Все таки можно предлагать гирлянду с цветками Олеандра? Может когда Кришна явил свои лилы, Олеандр был не ядовит? Может информация о том, что такие гирлянды носил Баларама не верная? Где можно точно узнать? Есть желание собрать максимум по списку любимых цветов Господа. Олеандр там есть, что с этим ядовитым красавцем делать не пойму.

----------


## Lakshmana Prana das

Может, не стоит рисковать? Даже если ядовитый цветок красивый, он может навредить преданным, которые примут гирлянду, как прасад от Кришны.

----------


## Толя

> Может, не стоит рисковать? Даже если ядовитый цветок красивый, он может навредить преданным, которые примут гирлянду, как прасад от Кришны.


 Действительно, рисковать не стоит. Выращу олеандр, посмотрю, что это. Хорошо, что есть еще и бегония.

«Алая бегония» на Яндекс.ФоткахУже пять сантиметров  :smilies:  Цветет круглый год, даже зимой можно собирать свежие цветы, говорят "старожилы". Очень похожа на розу.

----------


## Lakshmana Prana das

Здорово! Наверняка Кришне понравится.

----------


## Nada-bindu-vidharini dd

А,припоминаю олеанры.В Теркадамба роща этих олеанров,жёлтенькие ,мы их собирали там,за уши вкладывали ,красоваться.На сколько помню и Бабаджи местный тоже Кришне и Балараме давал такие.


А гирлянда выйдет некудышняя-вянут быстро и не пахнут.

----------


## Nada-bindu-vidharini dd

Я выращиваю простые цветы,но розы тоже есть.Они хорошо цветут в конце  июня..и потом мало.За зиму треть вымерзает.Нихачу с ними связываться больше.
По весне маргаритки.Из них хорошие гирлянды.Ещё гвоздики не плохо,но  некоторые сорта тоже вымерзли,остались обычные турецкие гвоздики.
Ещё есть у меня жасмин,вернее жасминовидная гардения,хороший цветок,дома надо выращивать.

----------


## Nandini dd

У меня на окне хорошо растёт обыкновенная герань.Всю зиму предлагали Божествам.

----------


## Nada-bindu-vidharini dd

что-то не вышло скачать,а  хоцца.может вышлите на мыло?

----------


## Nada-bindu-vidharini dd

маллика-жасмин
лаванга-гвоздика

----------


## Lakshmana Prana das

> У меня на окне хорошо растёт обыкновенная герань.Всю зиму предлагали Божествам.

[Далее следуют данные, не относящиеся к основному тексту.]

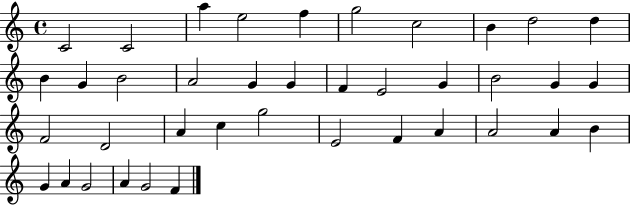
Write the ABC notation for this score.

X:1
T:Untitled
M:4/4
L:1/4
K:C
C2 C2 a e2 f g2 c2 B d2 d B G B2 A2 G G F E2 G B2 G G F2 D2 A c g2 E2 F A A2 A B G A G2 A G2 F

У нас тоже такая растет, цветет почти всегда. Очень красивая. Только вот предлагать Божествам ее цветки я стараюсь только в самом крайнем случае, когда других цветов нет. Ибо запаха у герани практически никакого нет.

----------


## Nada-bindu-vidharini dd

У нас хорош только жасмин,ароматный,остальные  пластиковые-не предлагаю.Обычно предлагаю туласи,это и есть наши цветы круглый год.

----------


## Ananga Manjari d.d.

> *"Шри Хари-Бхакти-Виласа", 200-201:* "Человек  не должен предлагает цветы с сильным запахом или без запаха. Цветы, сорванные в чьём-то саду или с колючего растения, не подходят для поклонения".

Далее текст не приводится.